RECORD SET:
*** Begin section ***

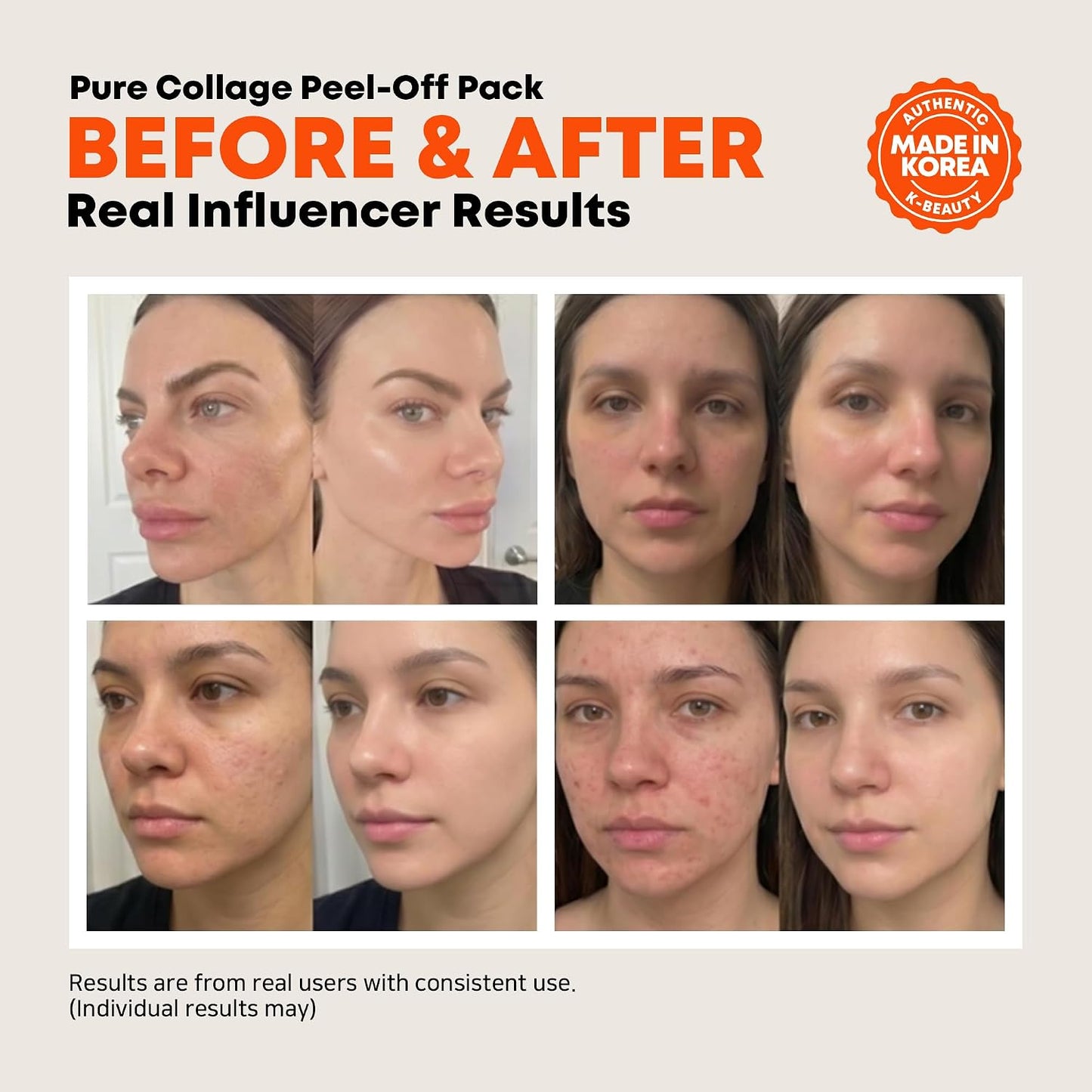 ELT Collagen Peel Off Face Mask Pack, Silicone Brush Included (60 ml / 2.02 fl.oz)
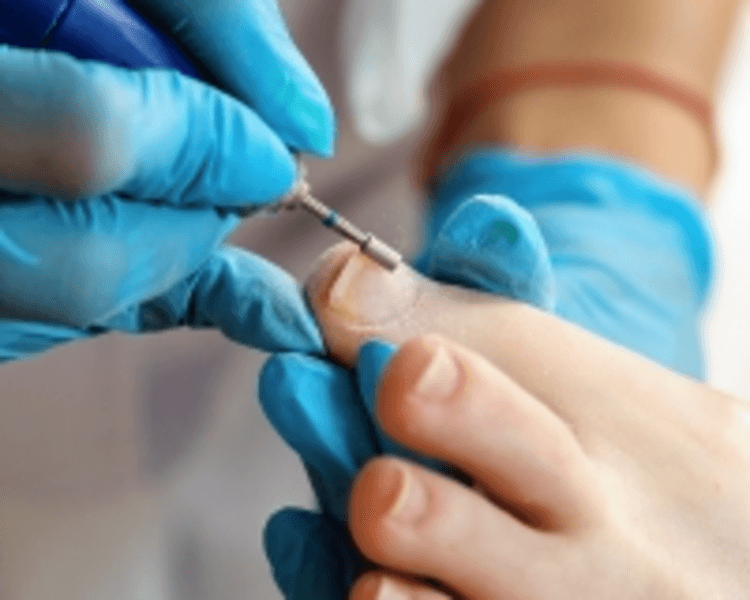 Pedicuría con Tratamientos Especiales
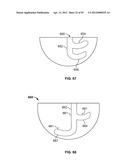 IMPLANT COMPONENTS AND METHODS diagram and image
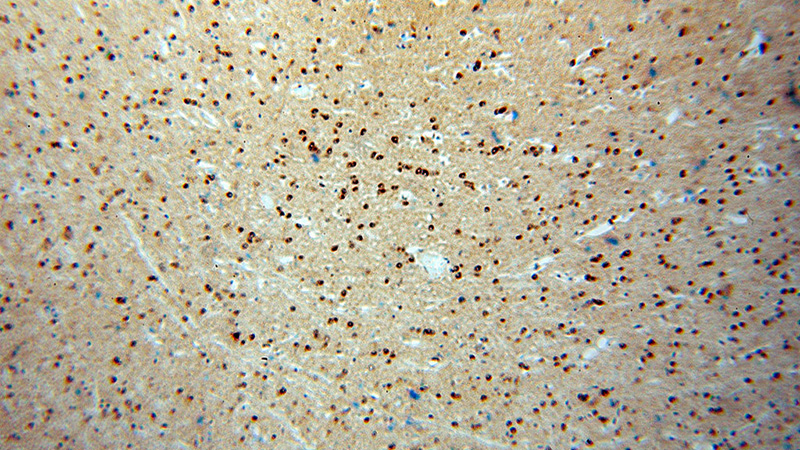 Immunohistochemical of paraffin-embedded human brain using Catalog No:114418(RAB2A antibody) at dilution of 1:100 (under 10x lens)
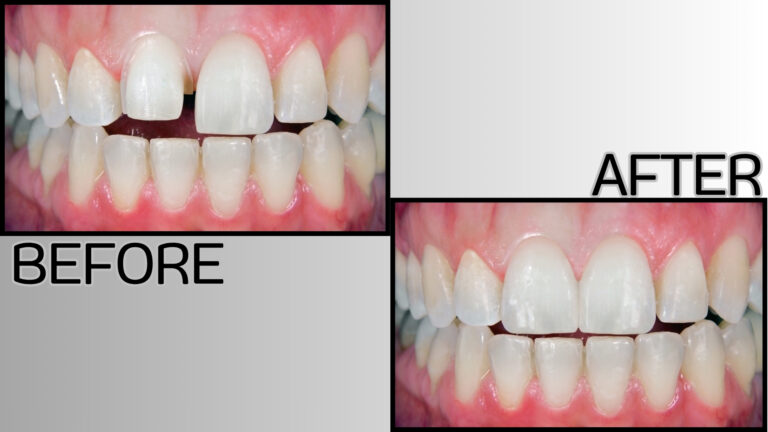 Las carillas dentales constituyen uno de los tratamientos estéticos más precisos y elegantes dentro de la odontología moderna.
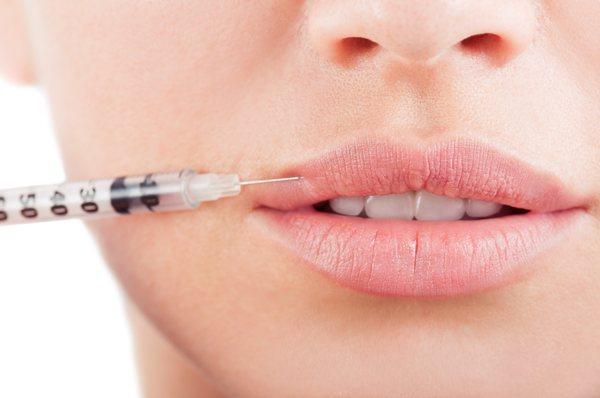 Juvederm Ultra XC - Dermal Filler Lip Augmentation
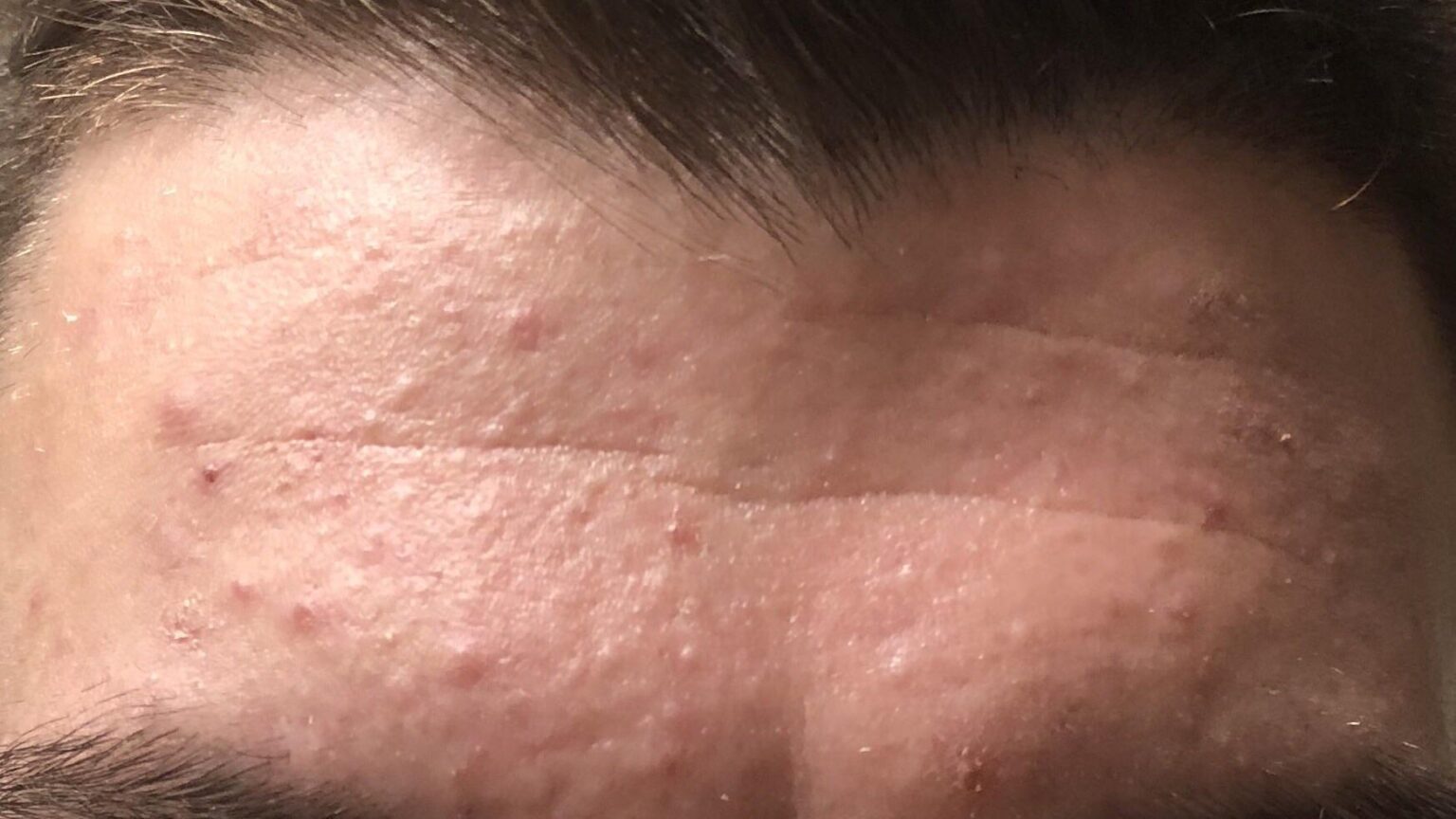 Addio acne maschile, basta solo un composto per avere una pelle radiosa e compatta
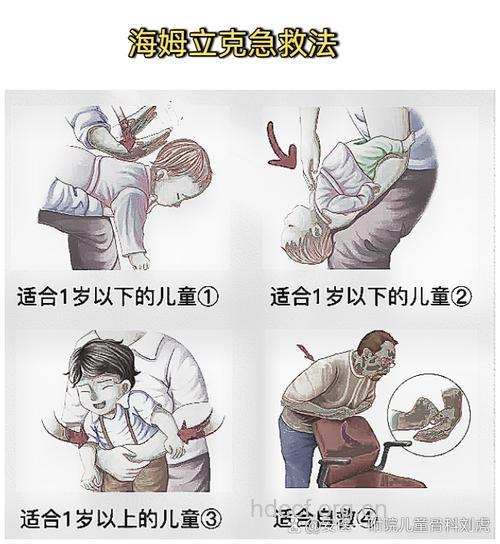 2岁幼儿被软糖卡喉离世 家长要学会如何急救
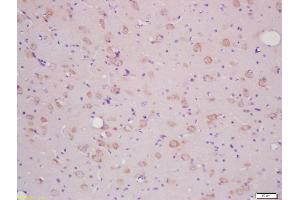 Formalin-fixed and paraffin embedded rat brain labeled with Anti-SLCO2B1/OATPB Polyclonal Antibody, Unconjugated (ABIN751048) at 1:200 followed by conjugation to the secondary antibody and DAB staining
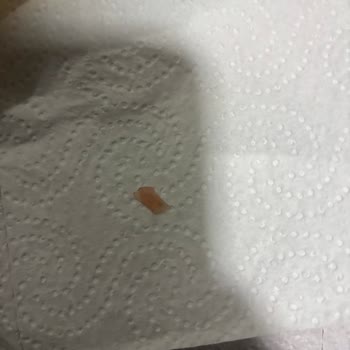 Bursa Nilüfer Görükle Trio Yaşam Merkezinde Cam Benzeri Sert Cisim İçeren Tost, Sağlık Riski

*** End section ***

TASK INSTRUCTIONS: Can you restate all the records above word for word while dropping the pictures?

TASK OUTPUT:
 ELT Collagen Peel Off Face Mask Pack, Silicone Brush Included (60 ml / 2.02 fl.oz)
 Pedicuría con Tratamientos Especiales
 IMPLANT COMPONENTS AND METHODS diagram and image
 Immunohistochemical of paraffin-embedded human brain using Catalog No:114418(RAB2A antibody) at dilution of 1:100 (under 10x lens)
 Las carillas dentales constituyen uno de los tratamientos estéticos más precisos y elegantes dentro de la odontología moderna.
 Juvederm Ultra XC - Dermal Filler Lip Augmentation
 Addio acne maschile, basta solo un composto per avere una pelle radiosa e compatta
 2岁幼儿被软糖卡喉离世 家长要学会如何急救
 Formalin-fixed and paraffin embedded rat brain labeled with Anti-SLCO2B1/OATPB Polyclonal Antibody, Unconjugated (ABIN751048) at 1:200 followed by conjugation to the secondary antibody and DAB staining
 Bursa Nilüfer Görükle Trio Yaşam Merkezinde Cam Benzeri Sert Cisim İçeren Tost, Sağlık Riski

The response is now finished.